Mais il faut que, au fond, même avec nos différences d'approche politique, on soit capable de faire la part des choses parce que ce que vous dites sur ces sociétés inquiètes et fragmentées, souvent désabusées, pour moi, le seul remède, c'est qu'on soit capable de remontrer par l'action des partis de gouvernement, en fond, ceux qui ont été au pouvoir et ceux qui aspirent à y revenir, que les extrêmes ne sont pas des solutions. Sont, au fond, souvent des illusions. Amélie de Monchalin. Je crois que beaucoup des votes qui se jouent dans l'émission le prouvent.
Ce sont les dernières minutes de l'émission, voire la dernière minute. On se quitte avec une petite séquence de vrai ou faux.
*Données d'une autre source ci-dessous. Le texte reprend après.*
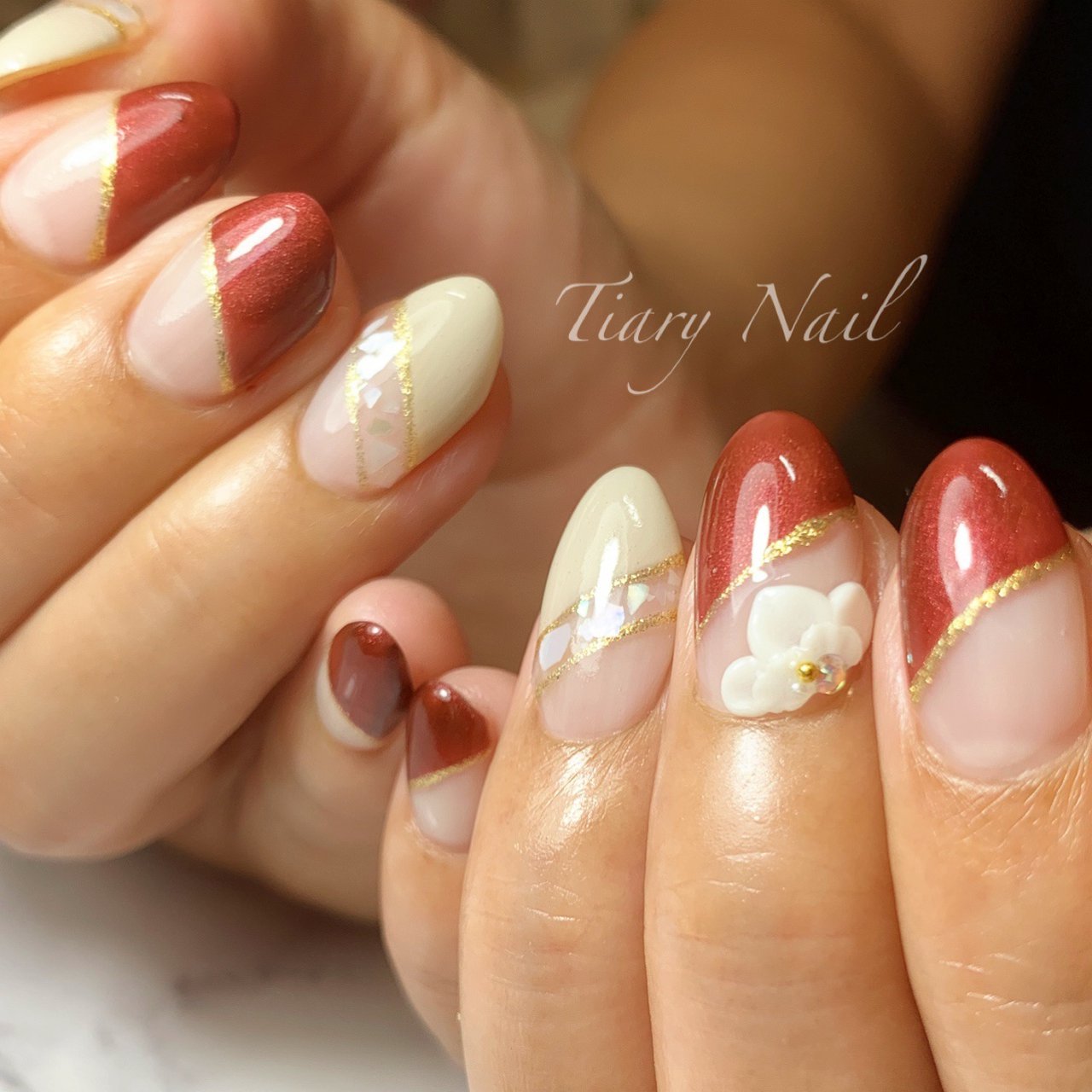 秋 冬 クリスマス オフィス フレンチ 𝑻𝒊𝒂𝒓𝒚 𝑵𝒂𝒊𝒍 ティアリーネイルのネイルデザイン No ネイル ブック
Je donne des affirmations. Vous me dites vrai ou faux. Manuel Valls, dans Le Point, cette semaine, qui dit que le macronisme a réuni autour du seul libéralisme, il a été ce macronisme, la négation du politique. Vrai ou faux ? Faux. Ce serait une bonne idée de carrément supprimer le 49.3. Vrai ou faux ? Il faut changer la constitution, donc difficile à dire. En cas de législative anticipée, vous serez à nouveau candidat. Vrai ou faux ? Je ne me prépare pas du tout à ça.
La dette, ça c'est François Bayrou, c'est pour le confort de certains partis politiques et pour le confort des boomers. Vrai ou faux ? Faux. Vous allez réussir à toper avec le PS pour une forme de taxe Zuckman. Vrai ou faux ? J'y travaille. Mais pas pour la taxe Zuckman, pour le compromis. Vous pensez qu'Emmanuel Macron se représentera en 2032 ? Vrai ou faux ? D'ici là, beaucoup de choses se passeront et je ne crois pas. Eh bien du tout. Vous ne croyez pas, ça c'est une info. Merci Amélie de Montchalin d'avoir répondu à nos questions politiques. Un excellent dimanche à tous.